_Work instructions_
Using the records below, copy exactly the part that opens with the line holding "Polymer clay Pendant" and closes with the line holding "Giovanni Carnevali, dirigente", minus the pictures.

_Dataset records_
━━━━━━━━
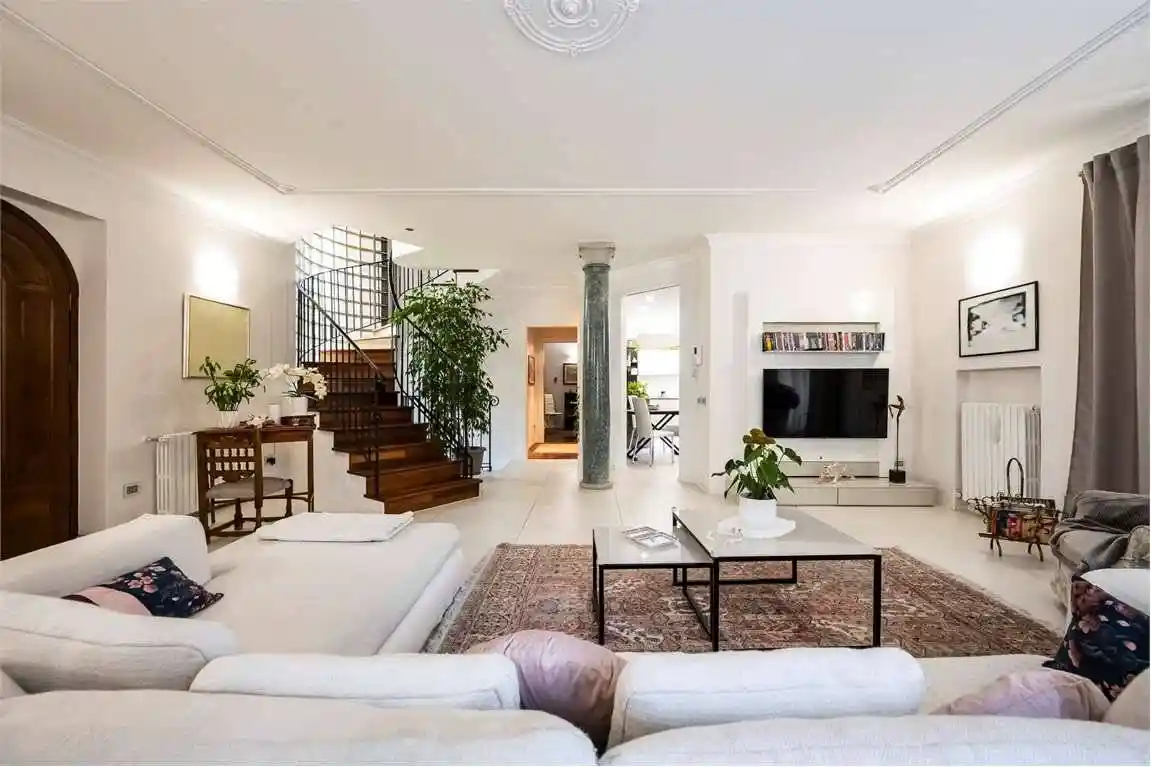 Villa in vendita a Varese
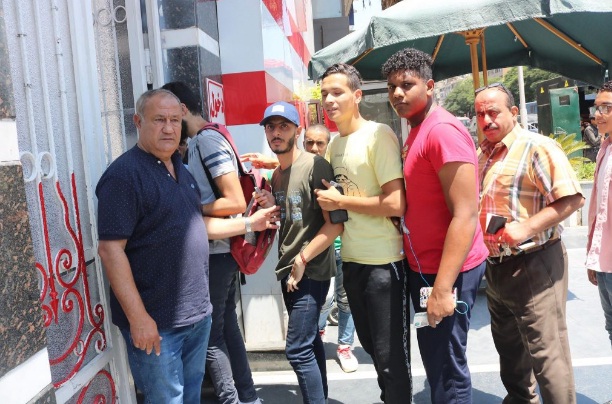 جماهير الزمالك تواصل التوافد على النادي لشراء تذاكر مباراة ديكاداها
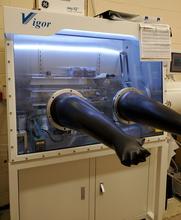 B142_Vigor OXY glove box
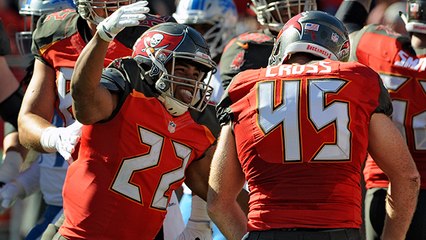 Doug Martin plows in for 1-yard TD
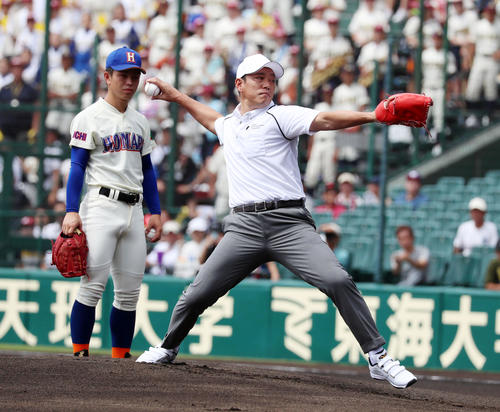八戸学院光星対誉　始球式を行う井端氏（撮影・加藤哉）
━━━━━━━━
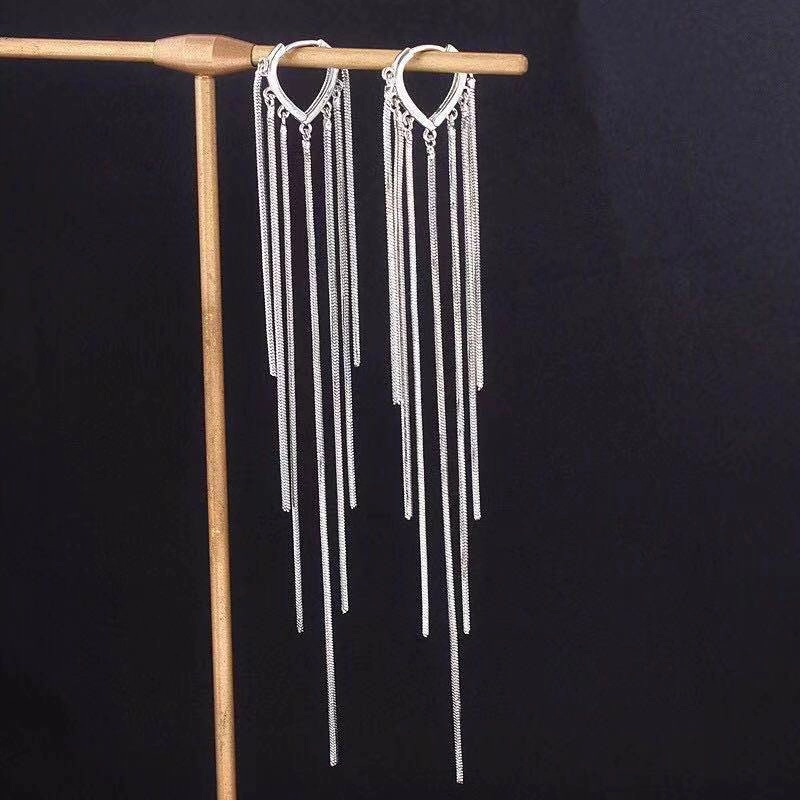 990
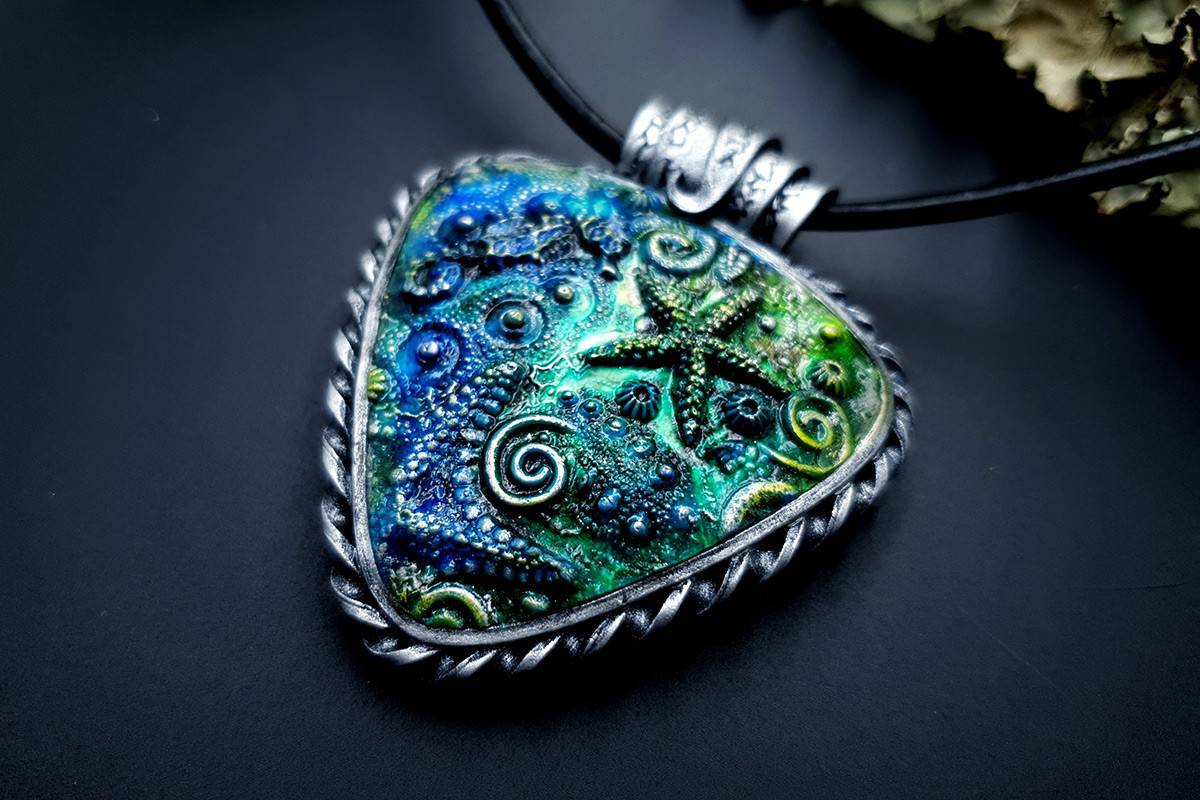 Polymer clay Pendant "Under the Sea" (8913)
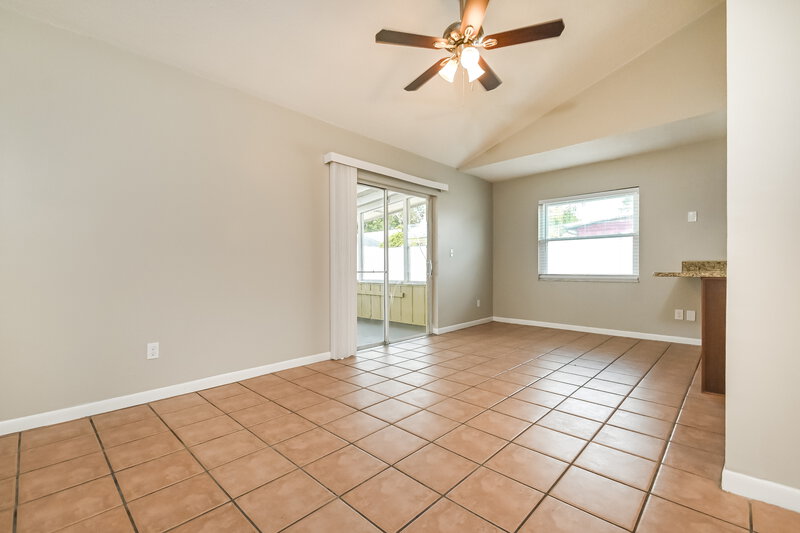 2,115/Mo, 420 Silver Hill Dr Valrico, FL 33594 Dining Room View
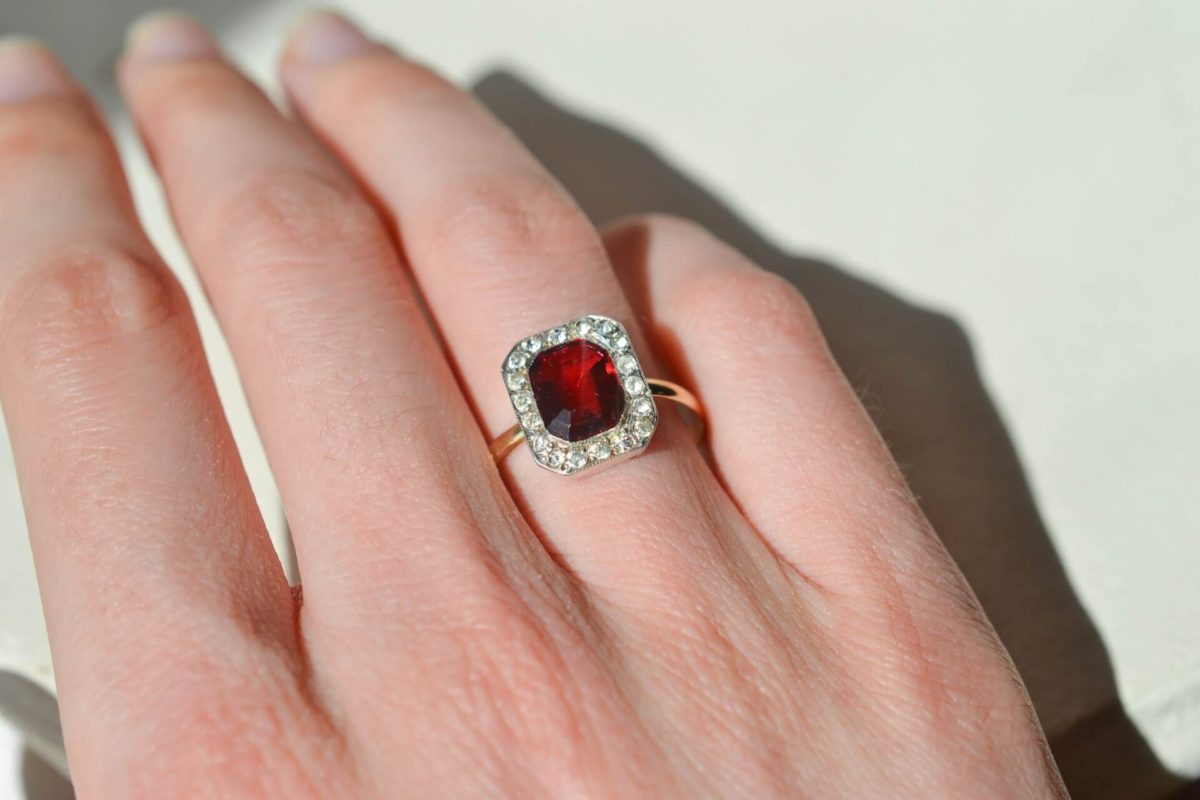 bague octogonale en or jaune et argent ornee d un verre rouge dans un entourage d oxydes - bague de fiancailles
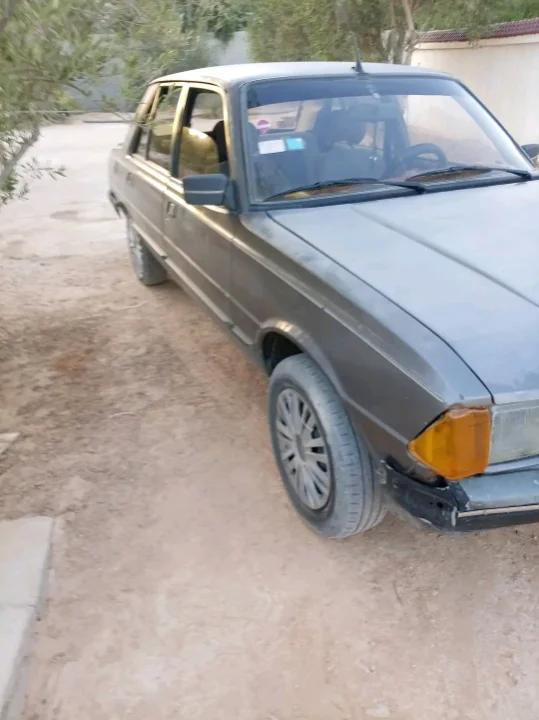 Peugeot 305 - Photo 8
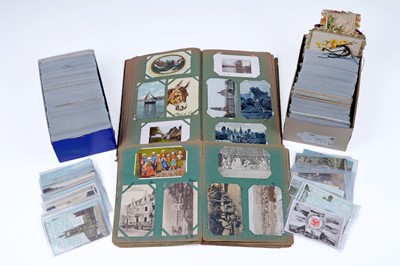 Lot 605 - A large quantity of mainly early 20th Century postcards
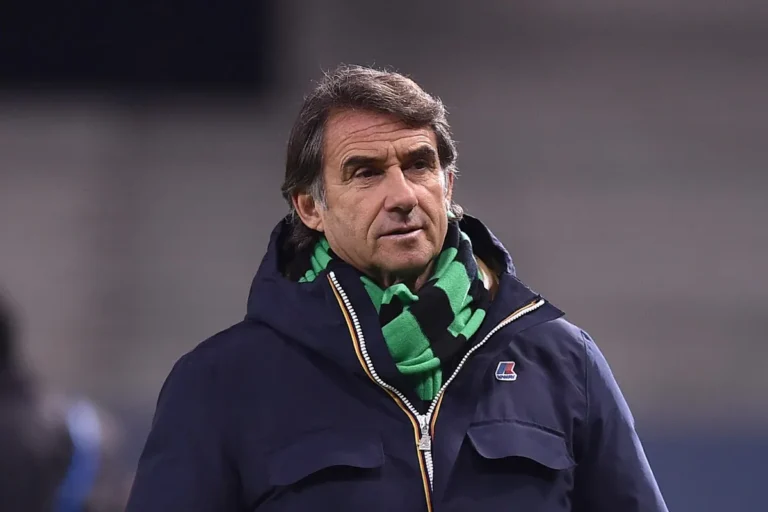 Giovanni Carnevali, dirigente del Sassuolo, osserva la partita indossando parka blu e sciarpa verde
━━━━━━━━
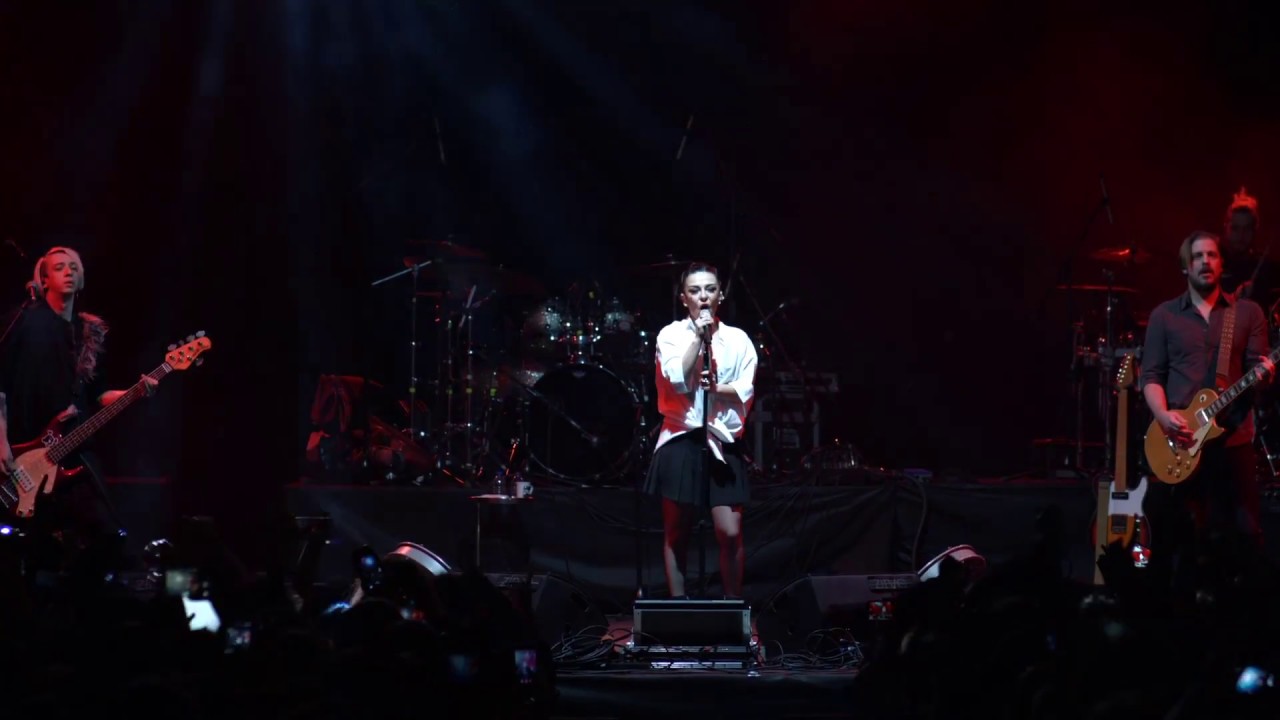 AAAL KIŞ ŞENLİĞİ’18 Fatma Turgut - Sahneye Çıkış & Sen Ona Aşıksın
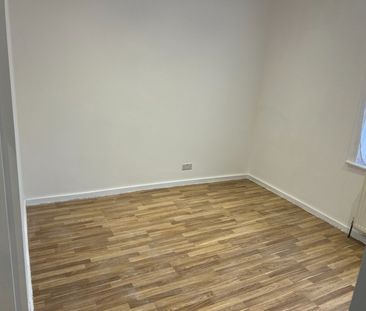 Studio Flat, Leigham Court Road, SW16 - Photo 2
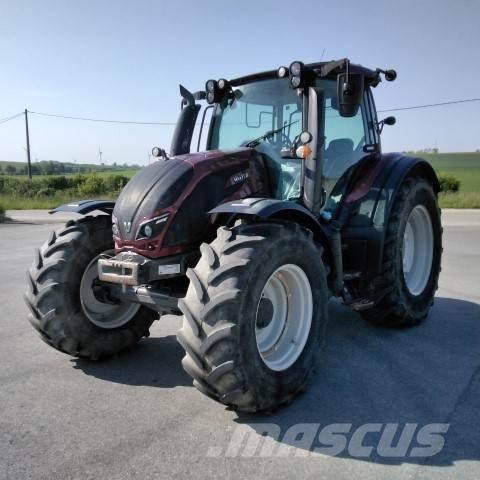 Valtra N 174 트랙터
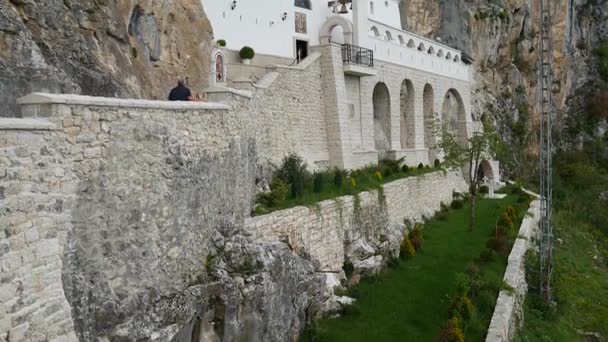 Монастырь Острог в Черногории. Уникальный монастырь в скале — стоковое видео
━━━━━━━━
_Answer area_
 Polymer clay Pendant "Under the Sea" (8913)
 2,115/Mo, 420 Silver Hill Dr Valrico, FL 33594 Dining Room View
 bague octogonale en or jaune et argent ornee d un verre rouge dans un entourage d oxydes - bague de fiancailles
 Peugeot 305 - Photo 8
 Lot 605 - A large quantity of mainly early 20th Century postcards
 Giovanni Carnevali, dirigente del Sassuolo, osserva la partita indossando parka blu e sciarpa verde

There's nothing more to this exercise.